For [2,3], the interval [3,4] has minimum-"right" start point;
For [1,2], the interval [2,3] has minimum-"right" start point.

Example 3:

Input: [ [1,4], [2,3], [3,4] ]

Output: [-1, 2, -1]

Explanation: There is no satisfied "right" interval for [1,4] and [3,4].
For [2,3], the interval [3,4] has minimum-"right" start point.

Solution

Binary search, time O(n * logn), space O(n)

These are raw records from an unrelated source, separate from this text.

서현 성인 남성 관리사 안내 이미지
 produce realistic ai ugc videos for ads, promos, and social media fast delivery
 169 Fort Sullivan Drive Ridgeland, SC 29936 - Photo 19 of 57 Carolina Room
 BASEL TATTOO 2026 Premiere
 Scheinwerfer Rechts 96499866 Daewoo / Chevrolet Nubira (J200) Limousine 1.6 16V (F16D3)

按照start进行排序，并保留原始index。然后二分搜索first index equal or larger than target.

/**
 * Definition for an interval.
 * public class Interval {
 *     int start;
 *     int end;
 *     Interval() { start = 0; end = 0; }
 *     Interval(int s, int e) { start = s; end = e; }
 * }
 */
class Solution {
    public int[] findRightInterval(Interval[] intervals) {
        int n = intervals.length;
        List<int[]> startToIndex = new ArrayList<>();
        for (int i = 0; i < n; ++i) {
            int[] a = new int[2];
            a[0] = intervals[i].start;
            a[1] = i;
            startToIndex.add(a);
        }
        
        Collections.sort(startToIndex, new Comparator<int[]>() {
            public int compare(int[] a, int[] b) {
                return a[0] - b[0];
            } 
        });
        
        int[] res = new int[n];
        for (int i = 0; i < n; ++i) {
            res[i] = search(startToIndex, intervals[i].end);
        }
        
        return res;
    }
    
    public int search(List<int[]> nums, int target) {
        int left = 0;
        int right = nums.size() - 1;
        
        while (left <= right) {
            int mid = left + (right - left) / 2;
            
            if (target > nums.get(mid)[0]) {
                left = mid + 1;
            } else {
                right = mid - 1;
            }
        }
        
        return (left < 0 || left >= nums.size()) ? -1 : nums.get(left)[1];
    }
}